▸ **Material supplied**:
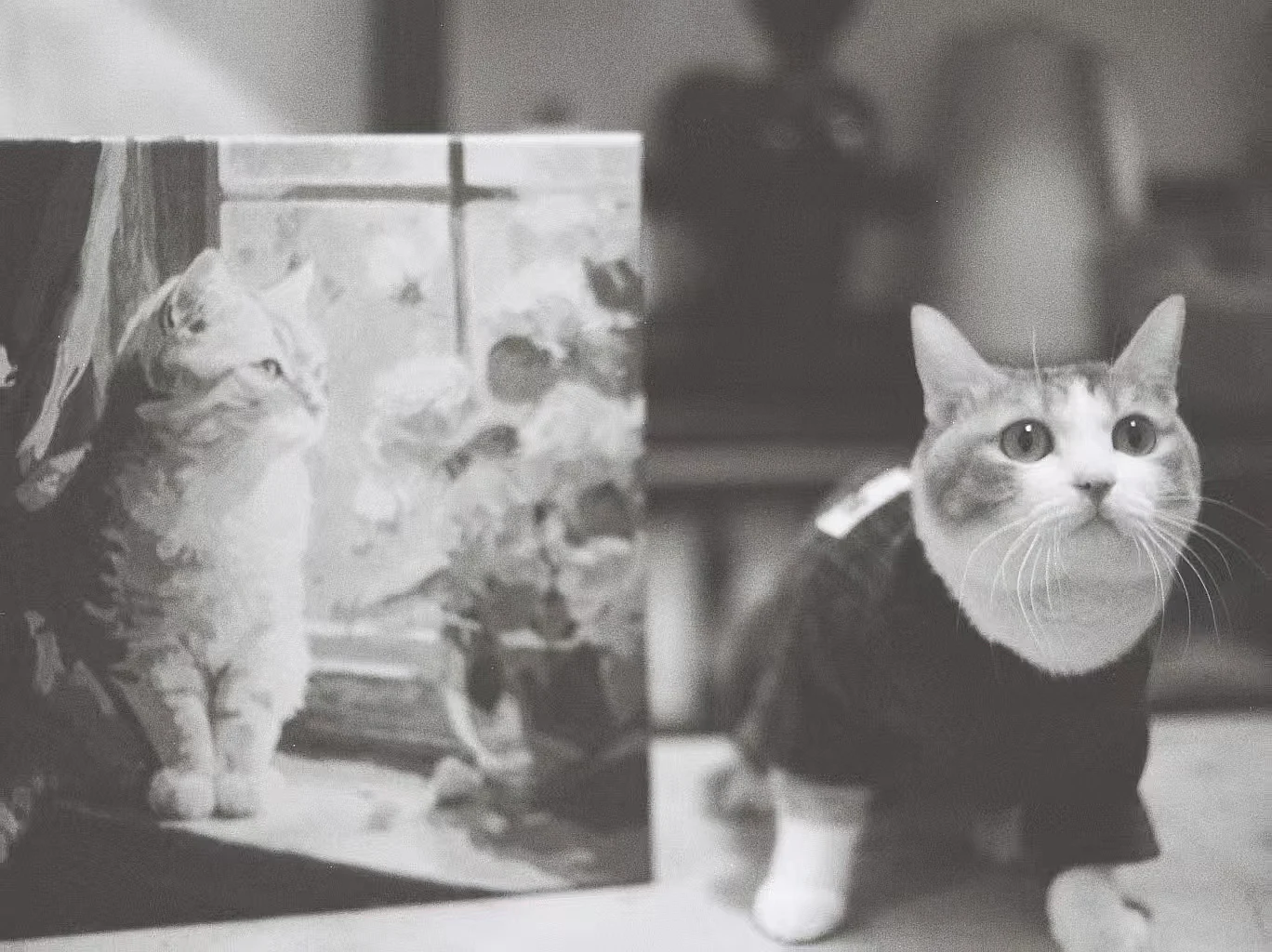 Tú y yo somos similares — Billy Kong · Canon EOS 30 · Fomapan 200 Creative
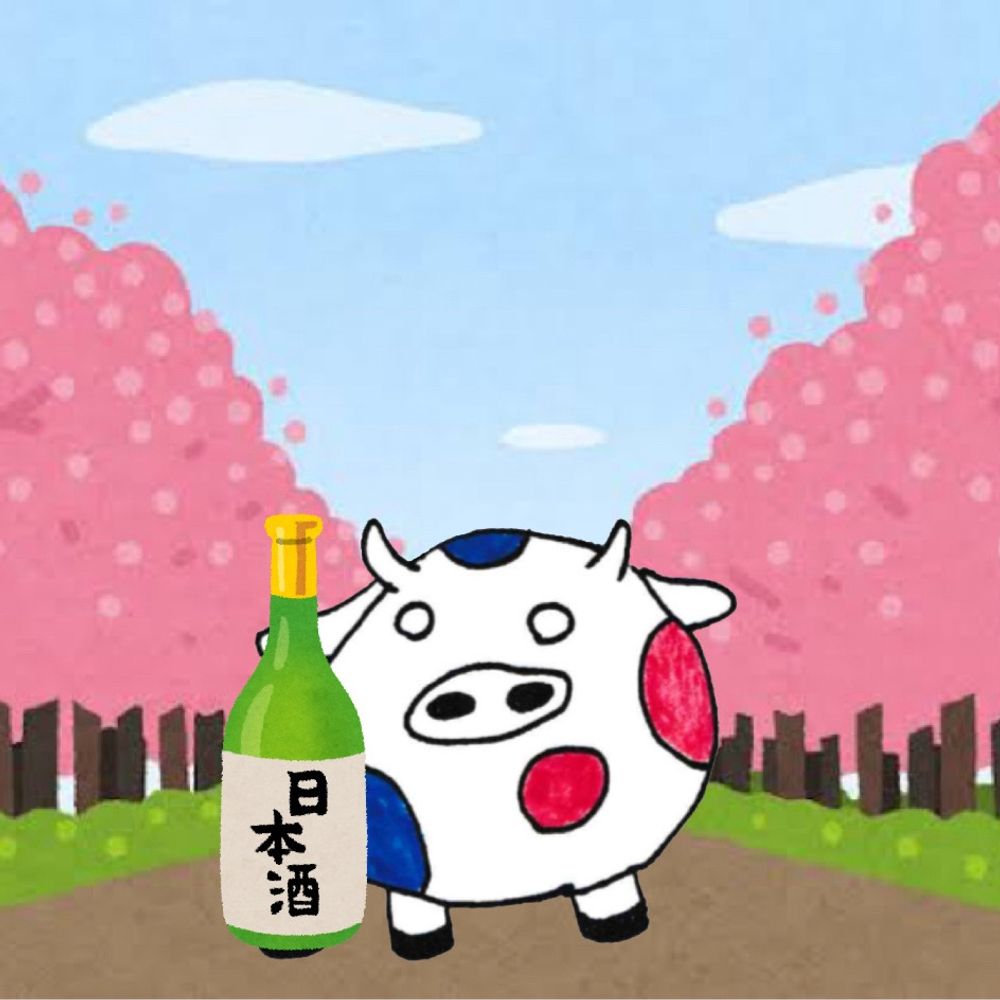 ノズパス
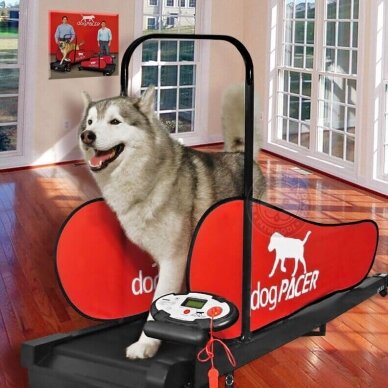 DOGPACER LF 3.1 DOG PACER TREADMILL for dogs 4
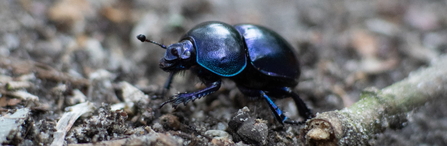 Dung beetles for farmers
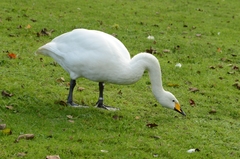Cygnus cygnus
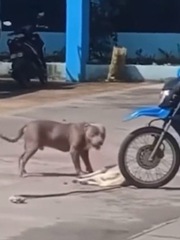 Chú chó nằm giả chết để không bị Pitbull cắn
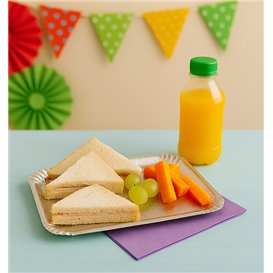 Paper Tray Rectangular shape Silver 18x24cm (100 Units)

▸ **What the task asks**: If a line holds an image, leave the image out; retype everything else in the entries exactly.

▸ **Solution to this problem**:
 Tú y yo somos similares — Billy Kong · Canon EOS 30 · Fomapan 200 Creative
 ノズパス
 DOGPACER LF 3.1 DOG PACER TREADMILL for dogs 4
 Dung beetles for farmers
Cygnus cygnus
 Chú chó nằm giả chết để không bị Pitbull cắn
 Paper Tray Rectangular shape Silver 18x24cm (100 Units)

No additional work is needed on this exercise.